++++ Provided material ++++
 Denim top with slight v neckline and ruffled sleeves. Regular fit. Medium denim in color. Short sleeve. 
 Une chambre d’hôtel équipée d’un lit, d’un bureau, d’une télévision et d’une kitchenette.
++++
++++ Provided material ++++
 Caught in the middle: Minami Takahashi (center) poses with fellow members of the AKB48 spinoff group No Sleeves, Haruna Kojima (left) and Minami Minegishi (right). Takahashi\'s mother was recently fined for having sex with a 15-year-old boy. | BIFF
++++
# Assignment:
Extract every line above that contains the word "with".

# Your response:
 Denim top with slight v neckline and ruffled sleeves. Regular fit. Medium denim in color. Short sleeve. 
 Caught in the middle: Minami Takahashi (center) poses with fellow members of the AKB48 spinoff group No Sleeves, Haruna Kojima (left) and Minami Minegishi (right). Takahashi\'s mother was recently fined for having sex with a 15-year-old boy. | BIFF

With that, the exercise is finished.